Overnight action had formed a “new Globex trend extreme” that requires intraday retest, and often it is retested the same day. The pre-open pullback was as shallow as possible to still qualify as non-arbitrary. Rallying out of the open would be credible for being briefly productive.
And it was, both productive, and briefly. Touching the 2489.00 bias-up signal as support reacted up sharply to 2493.25 resistance. The 2495.50 bias-up target is in-play, with room up to 2500.00. Then its reaction down fell to 2488.50.
The reactions last stretch came after already triggering the 2489.00 bias-up signal at 10:15,. and it was too late to be invalidated. Back above 2491.75 would signal the rally had resumed
Post-open Review… Straight up?
Gap and run creates anchor to absorb reversal attempt.
Sunday night’s open had leap-frogged over the 2465.75 bias-up signal. Its 2472.25 bias-up target was tested as support before the open.
Gapping up to 2474.00 resumed the rally, extending relentlessly up to 2481.75.
1-minute RSI had diverged negatively along the way, but only while 3-minute RSI remained “persistently overbought.” Twice. Each setup offered a buying opportunity. Not until 3-minute RSI left oversold territory did the 1-minute RSI’s negative divergence at 2482.00 actually influence price action.
Immediately. Its reaction down was retraced 61.8% of the way back up to 2482.00. The next reaction down has pierced 2479.00.
Still, we’re only looking for a temporary corrective dip. Trending up through the open created an anchor that will want to be retested in case of a pullback. The dip may be done already, although its likely objective is 2477.50, and potentially 2475.00.
July’s ~2484 high basis SPX has been attacked to within a quarter. But not touched. Another sweet spot? It doesn’t require a retest, except for the foregoing reasons described above. We’ll start to think otherwise if the afternoon bias-down signal is triggered.
Post-open Review… Detouring from downside.
Open’s dip holds.
The opening print was also this morning’s 2459.25 bias-down signal. It was probed immediately down to 2456.75. And then recovered through the opening 15 minutes of volatility. Fluctuating around 2459.25 resolved up through the top of the hour. Enough of that was maintained for long enough to avoid triggering bias-down.
Having held a test of the 2459.25 bias-down signal, an offsetting test of the 2466.00 bias-up signal
is in-play. Invalidating the no-bias environment can now be done only by exiting it under its 2453.50 bias-down target. Any lesser selling pressure would maintain the higher objective.

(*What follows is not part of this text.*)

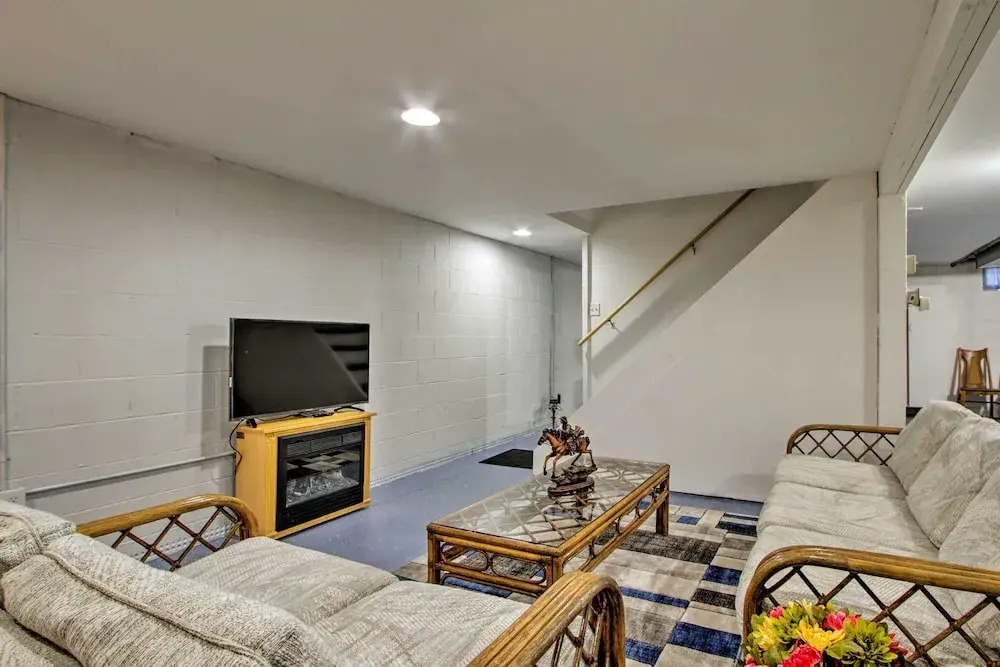Rochester House w/ Yard - 5 Minutes to Mayo Clinic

So, this morning’s downside risk is essentially gone. Fluctuating sideways and then collapsing this afternoon is still possible. There’s a narrow path higher, which all but requires exiting the noon hour above this morning’s 2466.00 bias-up signal. Any lesser buying pressure would remain vulnerable to reversing back down.
Post-open Review… Stopping short.
Pre-open recovery loses sponsorship.
Rallying through the ECB events continued ignoring the Globex open’s spike down. The open was greeted 1 tick short of this morning’s 2469.00 bias-up signal,
and short of yesterday’s highs. As was suspected, buyers were already expended from the overnight recovery, so that’s as good as it got.
The first reaction down corrected almost entirely. The second reaction down slid to 2460.00-2461.00. The bias-down signal was still being tested at 10:15 to invoke the grace period. Its test was repeated at 10:30 to trigger noN-bias.
RSIs had improved to the point of diverging positively. That didn’t require a bounce, but it bounced. The open is being attacked up to 2467.25. That’s not far from the 2469.00 bias-up signal, despite the noN-bias signal not requiring an offsetting test.
Exiting the bias environment back under 2464.00 would start to signal the bounce was only a temporary correction. Fresh session lows and probably also a new downleg would be likely. Otherwise, entering the noon hour above 2469.00 would be credible for filling the gap back up to Friday’s 2474.00 cash session close.
Post-open Review… All biased-up and nowhere to go.
Bias-up target met, held.
Like the first overnight dip to 2457.50, the second dip was recovered to a higher high, greeting the open at 2465.00. Overnight choppiness has persisted post-open.
A couple of probes higher have reacted back down under the open. The second post-open probe pierced the 2466.75 bias-up target by 1 tick. Its reaction down attacked the 2461.00 bias-up signal to within 1 tick. This is a bias-up environment, whose target has been met.
Already having met and reacted down from the bias-up target, its resistance tends to hold through the morning. It’s not required. Meanwhile, the bias-up signal should define the morning’s lower-end if tested as support. Probing under it would be required to retrace.
So, post-open buyers quickly satisfied buying pressure and aren’t indicating they’ll gain traction for the effort. That’s similar to yesterday afternoon’s buyers. Neither setup prevents extending higher anyway, but not reliably, and the door remains open to launching another downleg.